Assignment>
There are pictures in the records below; leave them out and set down exactly the lines from the one holding "新品！2枚セット Syncwire 防水ケース" through the one holding "DEEZEE 2PACK Electric".

Web page caption snippets>

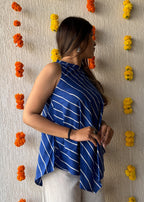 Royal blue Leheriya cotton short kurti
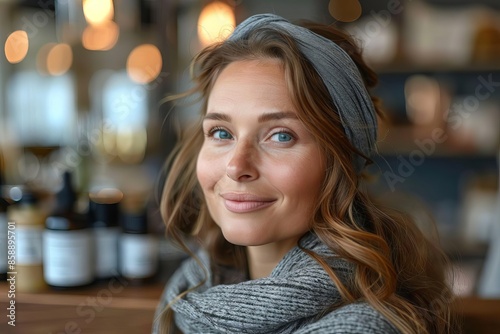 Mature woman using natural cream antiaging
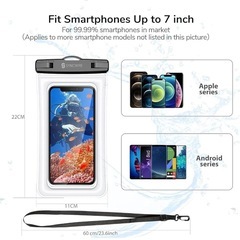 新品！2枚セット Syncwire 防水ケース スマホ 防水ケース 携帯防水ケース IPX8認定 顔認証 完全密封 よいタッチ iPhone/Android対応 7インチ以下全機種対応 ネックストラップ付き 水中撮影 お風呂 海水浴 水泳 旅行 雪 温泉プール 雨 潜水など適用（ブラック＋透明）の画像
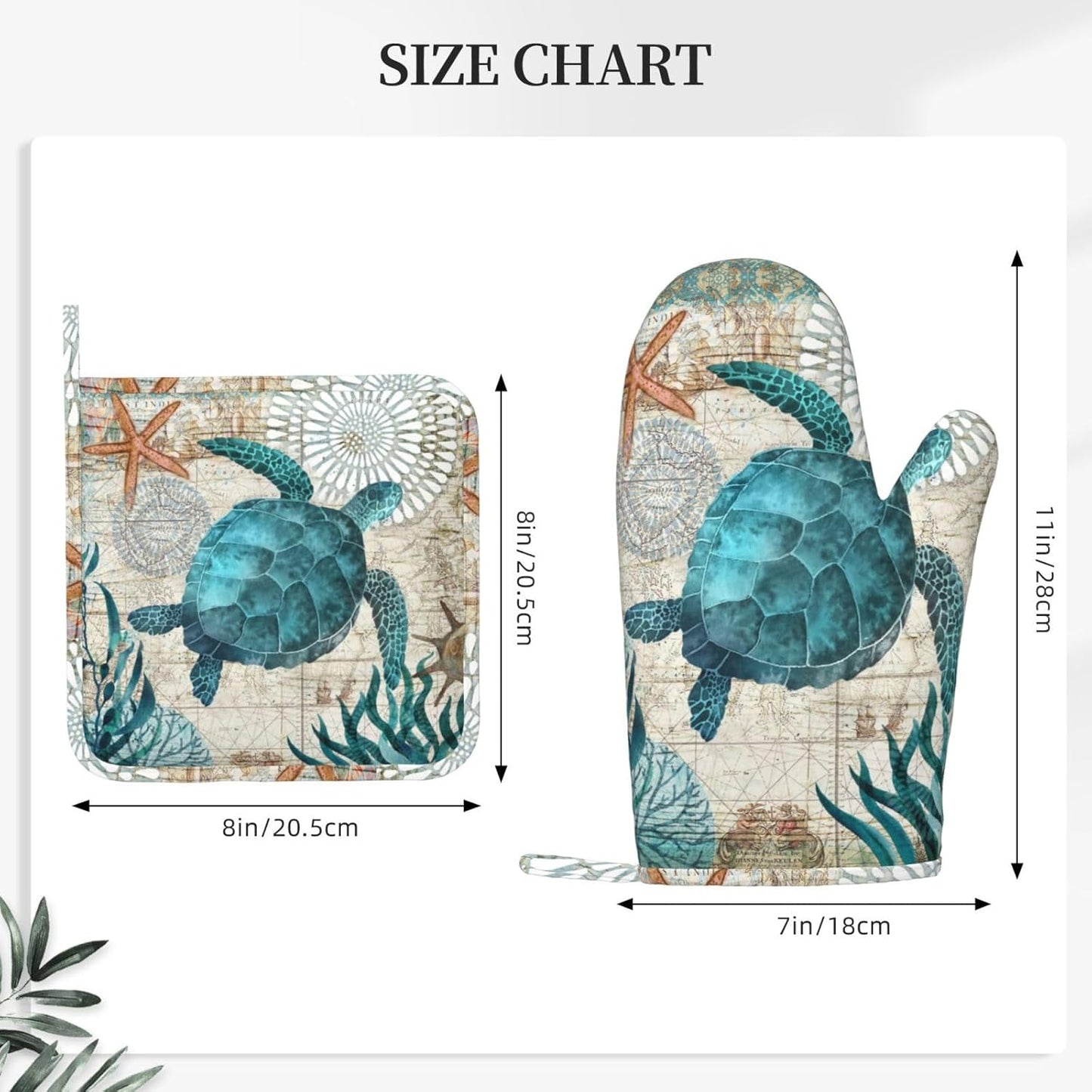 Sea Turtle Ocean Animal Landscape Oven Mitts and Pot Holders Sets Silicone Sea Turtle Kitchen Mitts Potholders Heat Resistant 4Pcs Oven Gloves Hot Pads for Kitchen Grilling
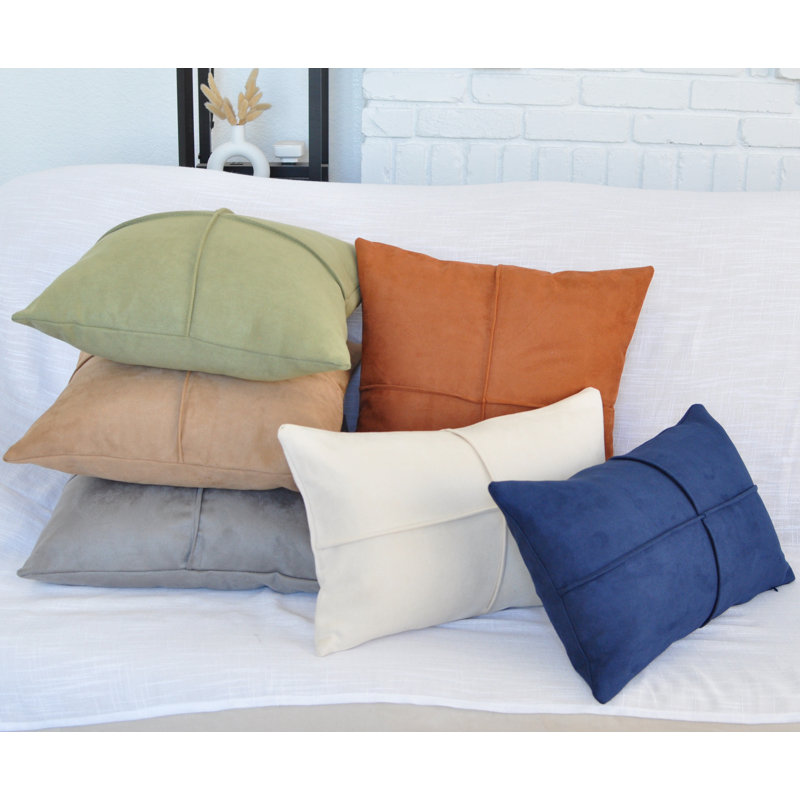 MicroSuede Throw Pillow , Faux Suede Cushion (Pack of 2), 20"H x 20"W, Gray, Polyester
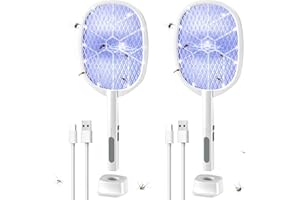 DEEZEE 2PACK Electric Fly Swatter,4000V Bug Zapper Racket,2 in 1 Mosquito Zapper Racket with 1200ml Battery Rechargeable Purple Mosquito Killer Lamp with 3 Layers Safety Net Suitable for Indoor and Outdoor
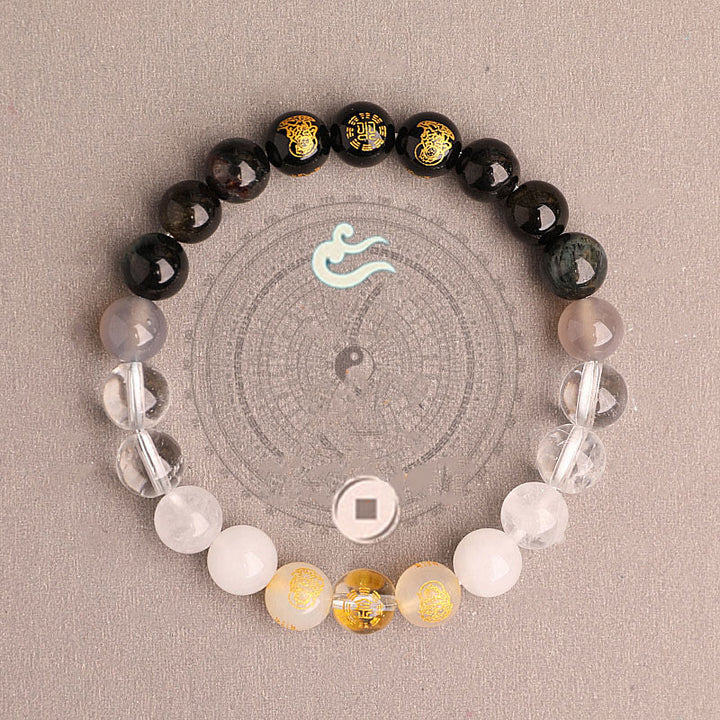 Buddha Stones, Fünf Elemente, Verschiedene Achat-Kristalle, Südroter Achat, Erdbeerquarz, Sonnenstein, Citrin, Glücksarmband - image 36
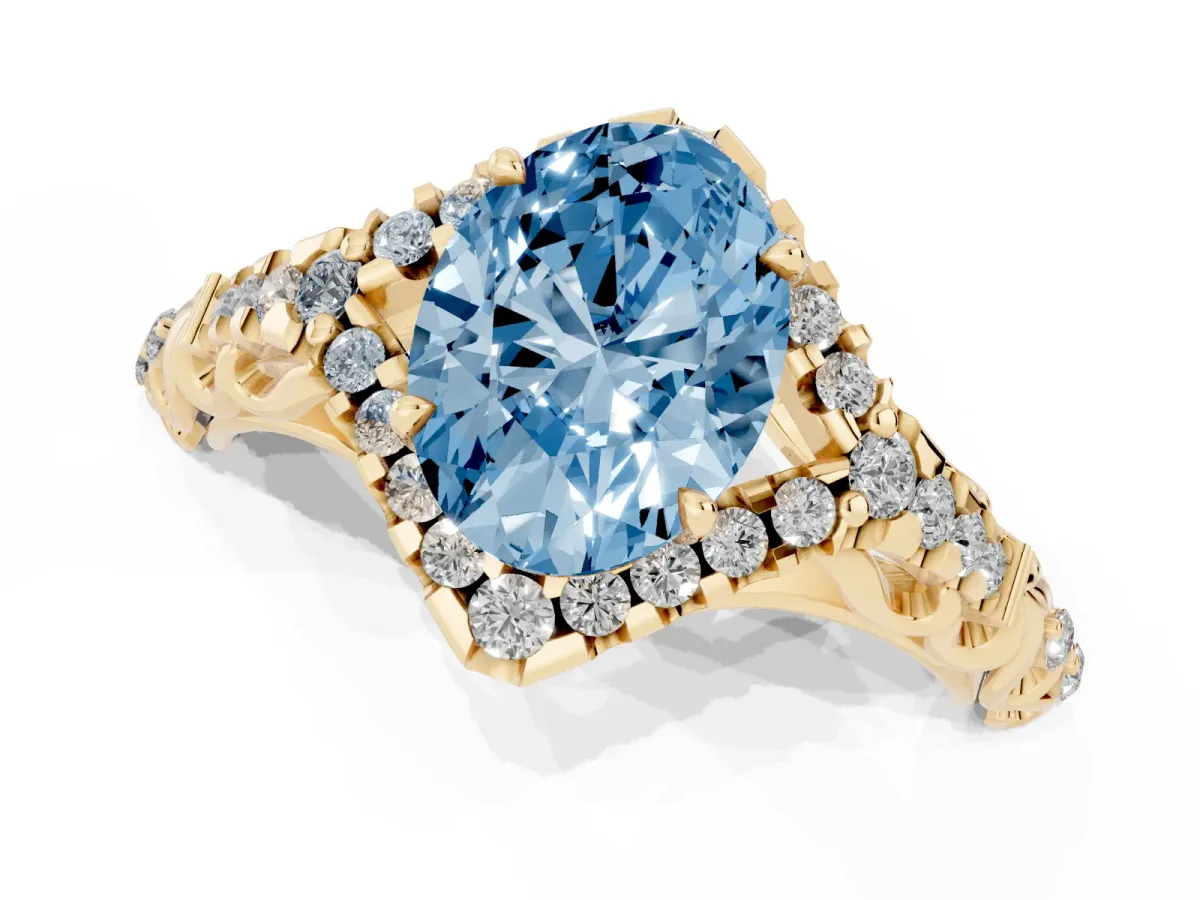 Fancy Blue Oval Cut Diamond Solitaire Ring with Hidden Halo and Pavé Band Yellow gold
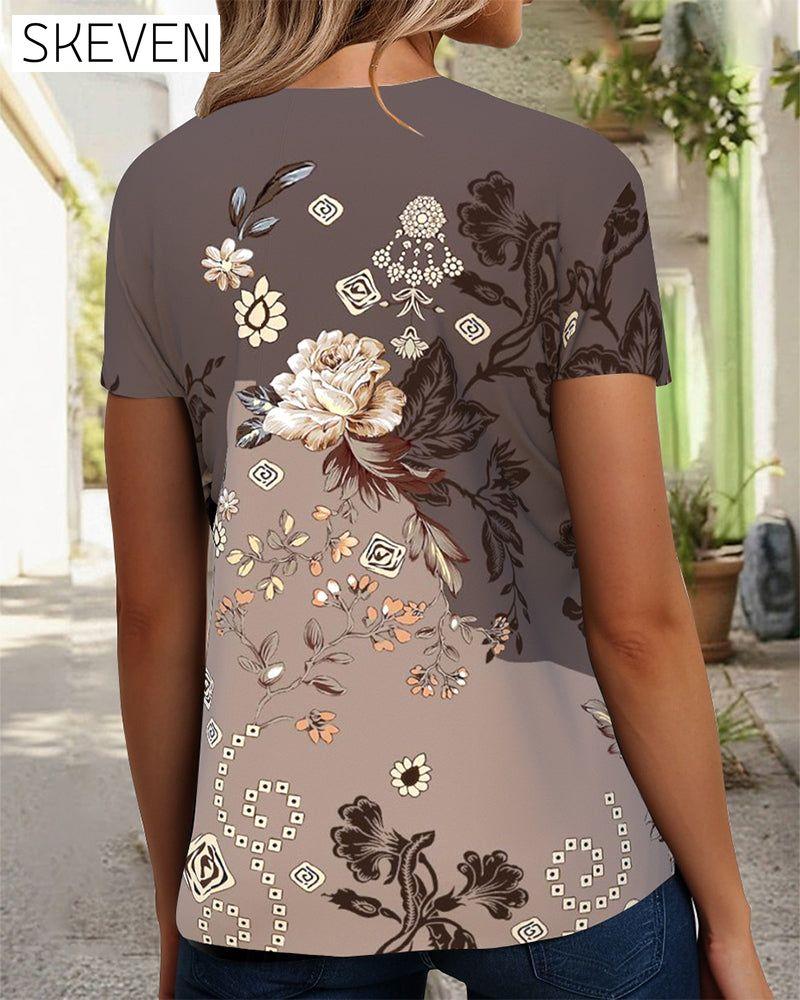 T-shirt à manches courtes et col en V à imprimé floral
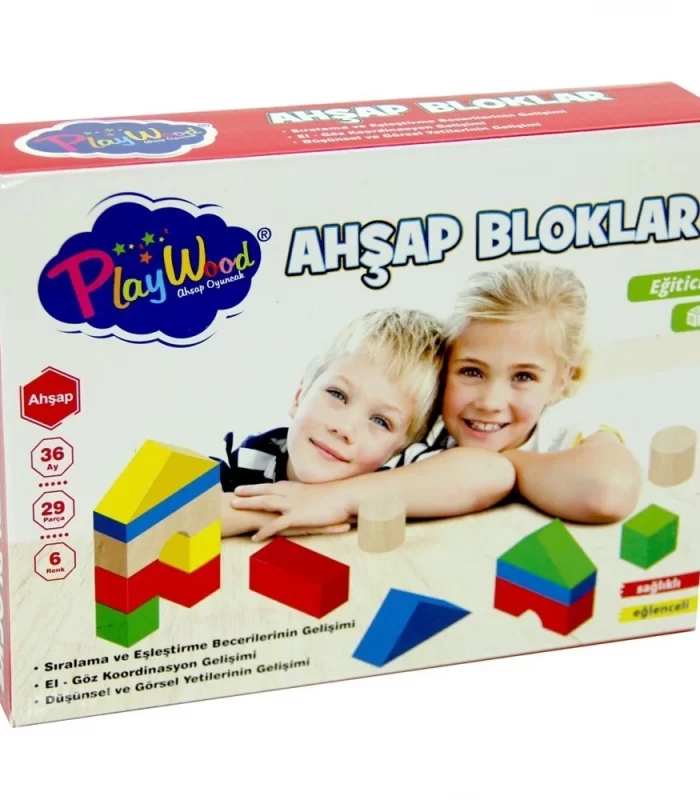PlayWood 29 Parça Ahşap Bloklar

Result for this exercise>
 新品！2枚セット Syncwire 防水ケース スマホ 防水ケース 携帯防水ケース IPX8認定 顔認証 完全密封 よいタッチ iPhone/Android対応 7インチ以下全機種対応 ネックストラップ付き 水中撮影 お風呂 海水浴 水泳 旅行 雪 温泉プール 雨 潜水など適用（ブラック＋透明）の画像
 Sea Turtle Ocean Animal Landscape Oven Mitts and Pot Holders Sets Silicone Sea Turtle Kitchen Mitts Potholders Heat Resistant 4Pcs Oven Gloves Hot Pads for Kitchen Grilling
 MicroSuede Throw Pillow , Faux Suede Cushion (Pack of 2), 20"H x 20"W, Gray, Polyester
 DEEZEE 2PACK Electric Fly Swatter,4000V Bug Zapper Racket,2 in 1 Mosquito Zapper Racket with 1200ml Battery Rechargeable Purple Mosquito Killer Lamp with 3 Layers Safety Net Suitable for Indoor and Outdoor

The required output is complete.